Tips from the Air Sketch website
How to open a PDF file in Air Sketch
- Email the PDF file to yourself or use a File Manager App that supports the “Open In . . .” feature, such as Dropbox, to transfer it to your iPad.
- Open the PDF file within Mail or the third-party file manager app to view it.
- Tap “Open In . . .” and select Air Sketch.
Working with PDF files
- Air Sketch works with one PDF file at a time and doesn’t store or manage PDF files directly.
- Tap the page number on the PDF page controls to quickly jump to any page.
- Tap Share-> Email as PDF to email the entire annotated PDF document.

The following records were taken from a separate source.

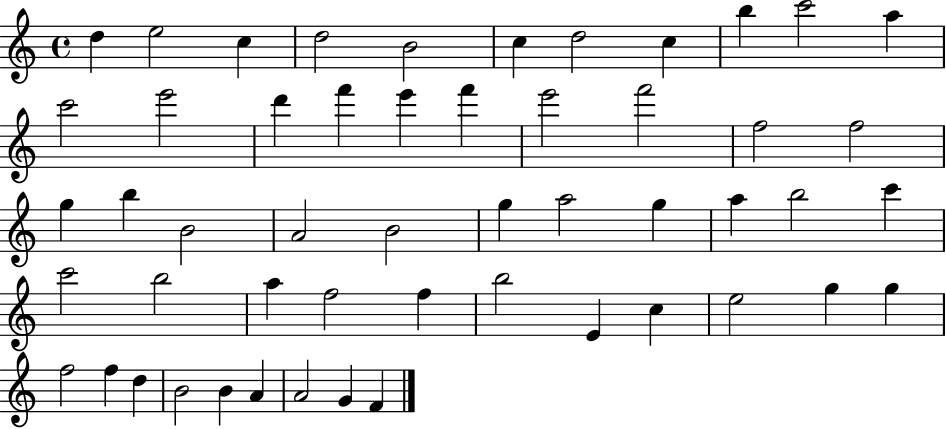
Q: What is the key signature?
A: C major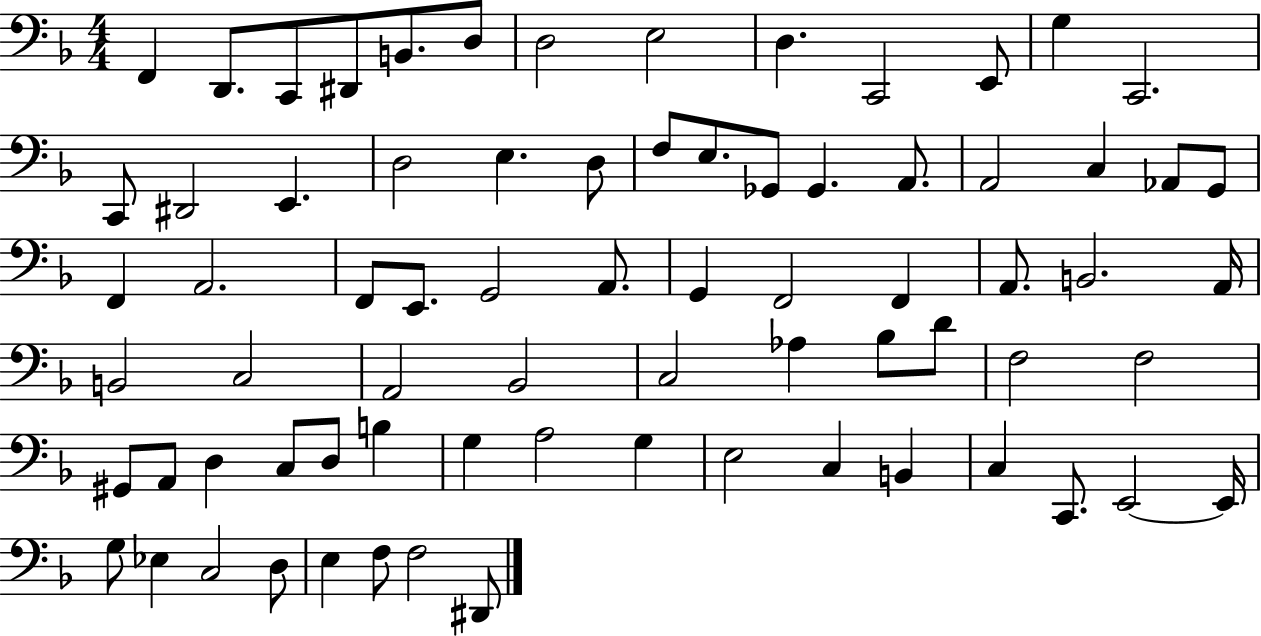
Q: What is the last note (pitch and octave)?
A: D#2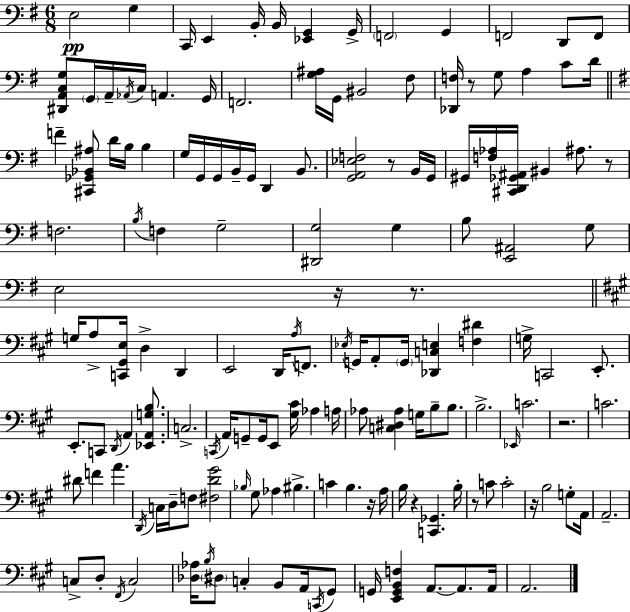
X:1
T:Untitled
M:6/8
L:1/4
K:Em
E,2 G, C,,/4 E,, B,,/4 B,,/4 [_E,,G,,] G,,/4 F,,2 G,, F,,2 D,,/2 F,,/2 [^D,,A,,C,G,]/2 G,,/4 A,,/4 _A,,/4 C,/4 A,, G,,/4 F,,2 [G,^A,]/4 G,,/4 ^B,,2 ^F,/2 [_D,,F,]/4 z/2 G,/2 A, C/2 D/4 F [^C,,_G,,_B,,^A,]/2 D/4 B,/4 B, G,/4 G,,/4 G,,/4 B,,/4 G,,/4 D,, B,,/2 [G,,A,,_E,F,]2 z/2 B,,/4 G,,/4 ^G,,/4 [F,_A,]/4 [^C,,D,,_G,,^A,,]/4 ^B,, ^A,/2 z/2 F,2 B,/4 F, G,2 [^D,,G,]2 G, B,/2 [E,,^A,,]2 G,/2 E,2 z/4 z/2 G,/4 A,/2 [C,,^G,,E,]/4 D, D,, E,,2 D,,/4 A,/4 F,,/2 _E,/4 G,,/4 A,,/2 G,,/4 [_D,,C,E,] [F,^D] G,/4 C,,2 E,,/2 E,,/2 C,,/2 D,,/4 A,, [_E,,A,,G,B,]/2 C,2 C,,/4 A,,/4 G,,/2 G,,/4 E,,/2 [^G,^C]/4 _A, A,/4 _A,/2 [C,^D,_A,] G,/4 B,/2 B,/2 B,2 _E,,/4 C2 z2 C2 ^D/2 F A D,,/4 C,/4 D,/4 F,/2 [^F,D^G]2 _B,/4 ^G,/2 _A, ^B, C B, z/4 A,/4 B,/4 z [C,,_G,,] B,/4 z/2 C/2 C2 z/4 B,2 G,/2 A,,/4 A,,2 C,/2 D,/2 ^F,,/4 C,2 [_D,_A,]/4 B,/4 ^D,/2 C, B,,/2 A,,/4 C,,/4 ^G,,/2 G,,/4 [E,,G,,B,,F,] A,,/2 A,,/2 A,,/4 A,,2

- Note: There appears to be a limit to the size of email attachments on the iPad. We’ve (the “we” here are the app developers) found that documents under around 10MB (or PDF files up to around 75 pages) tend to be sent ok, but sending larger ones may fail. This appears to be an OS limitation and happens in other apps as well, which we hope will be addressed in a future upgrade.